Biomutant is available on PlayStation 4, Xbox One, and PC. I reviewed the game on an Xbox Series X while playing on hard mode. A copy of Biomutant was provided for Gideon’s Gaming for the purpose of review.
You can find a video version of this review here! Biomutant Review: Bonker’s Okay Fur Day – YouTube
Anyone who follows me on Twitter probably knows I had really high expectations for Biomutant. It was one of my most anticipated games of the year. Did it live up to my expectations? Well, no, not really. But that says more about me setting the bar too high than it does about Biomutant’s quality.
Biomutant has plenty of highs and lows, which makes it difficult to review.
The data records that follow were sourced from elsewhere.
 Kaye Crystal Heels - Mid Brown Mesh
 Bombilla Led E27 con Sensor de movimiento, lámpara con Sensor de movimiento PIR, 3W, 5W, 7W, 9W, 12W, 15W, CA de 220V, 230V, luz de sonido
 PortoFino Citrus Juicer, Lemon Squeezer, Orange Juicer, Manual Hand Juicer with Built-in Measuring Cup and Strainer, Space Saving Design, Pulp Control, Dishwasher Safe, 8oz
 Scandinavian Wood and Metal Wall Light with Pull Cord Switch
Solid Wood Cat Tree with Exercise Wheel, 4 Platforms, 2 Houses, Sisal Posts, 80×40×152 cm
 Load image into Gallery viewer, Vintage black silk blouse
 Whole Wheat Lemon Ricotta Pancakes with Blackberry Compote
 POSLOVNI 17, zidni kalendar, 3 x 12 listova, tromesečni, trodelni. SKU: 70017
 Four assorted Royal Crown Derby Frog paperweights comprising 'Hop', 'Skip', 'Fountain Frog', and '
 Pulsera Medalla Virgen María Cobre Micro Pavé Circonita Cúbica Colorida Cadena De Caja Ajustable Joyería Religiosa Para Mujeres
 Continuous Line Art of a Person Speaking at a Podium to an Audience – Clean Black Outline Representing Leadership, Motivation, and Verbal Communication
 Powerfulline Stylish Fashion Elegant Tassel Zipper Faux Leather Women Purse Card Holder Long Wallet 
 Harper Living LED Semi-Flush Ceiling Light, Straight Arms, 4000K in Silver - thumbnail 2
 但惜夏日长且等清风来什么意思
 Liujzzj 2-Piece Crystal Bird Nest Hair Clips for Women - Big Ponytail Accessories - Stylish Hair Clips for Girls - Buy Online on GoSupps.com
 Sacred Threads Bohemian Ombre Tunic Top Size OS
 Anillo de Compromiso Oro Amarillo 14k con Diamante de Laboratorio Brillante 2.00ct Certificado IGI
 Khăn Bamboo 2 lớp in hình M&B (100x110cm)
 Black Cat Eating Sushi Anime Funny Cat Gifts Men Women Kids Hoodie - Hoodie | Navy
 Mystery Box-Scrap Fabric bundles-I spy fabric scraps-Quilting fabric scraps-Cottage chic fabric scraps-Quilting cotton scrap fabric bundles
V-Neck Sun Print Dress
Black and white can be pretty clear, but it’s fifty shades of grey that can be a little sticky and gross.
You play as a mutant furry animal thing, out to stop the end of the world or speed it up. Either way, you’re going to need to take part in a tribe war and battle massive world eaters whose names alone inspire fear, such as Porky Puff and Hoof Puff!
You will accomplish this while exploring a massive world to piece together your own arsenal of impressive-looking weapons, psionic abilities, and biogenic superpowers! But that won’t do you any good against the world eaters because all of their fights take place in vehicles!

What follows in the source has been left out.